PDA

View Full Version : Advice On Stopping Hackers Changing Files On My Webserver



PaulBrUk09
02 Aug 2009, 07:00 AM
Yesterday i noticed all my websites that i have built in the last year had a large blank space above the websites content, on inspection via FTP clienet, the index.php files ahd been modified on 29/07/2009 by somebody else..

one of the sites has now been tagged by google as having malware and brings up the red warning box.

I removed the line of dodgy code and have asked google to review the site again to remove this, I have changed my control pannel password & changed the FTP password to hopefully stop any attempt again to change my files..

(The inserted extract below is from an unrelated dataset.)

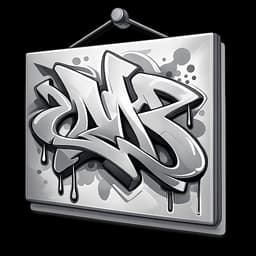 Icon representing a graffiti artwork series designed as a multi piece art set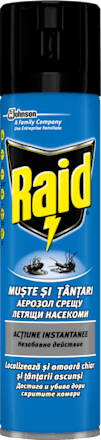 Spray împotriva muștelor și țânțarilor Raid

I guess the files were changed via FTP, is there anyway to protect my sites further? the only write access is giving to the the owner, all others are set to read only..

Thanks Paul.

alvo
02 Aug 2009, 02:42 PM
There are ways other than FTP to hack into websites: http://securitylabs.websense.com/content/Alerts/3421.aspx

If the sites are hosted on servers that you don't own and maintain, then contact the host company so that they are aware of the issue and can address it. It's likely, especially if your sites are all from the same host and especially if they are all on the same server, that the issue isn't specifically with your websites, but rather with the server having a venerability that has allowed intruders access to files.

Changing all site passwords is the first step. Switching from using FTP to Secure FTP (sFTP) is something you should also do. If your host doesn't offer sFTP, ask them why (sFTP encrypts passwords so they can't be intercepted like they can with FTP where they are sent as plain text).

Is there a script in common with the sites hacked? If so, look into whether they may be the source and see if there is an upgrade for it.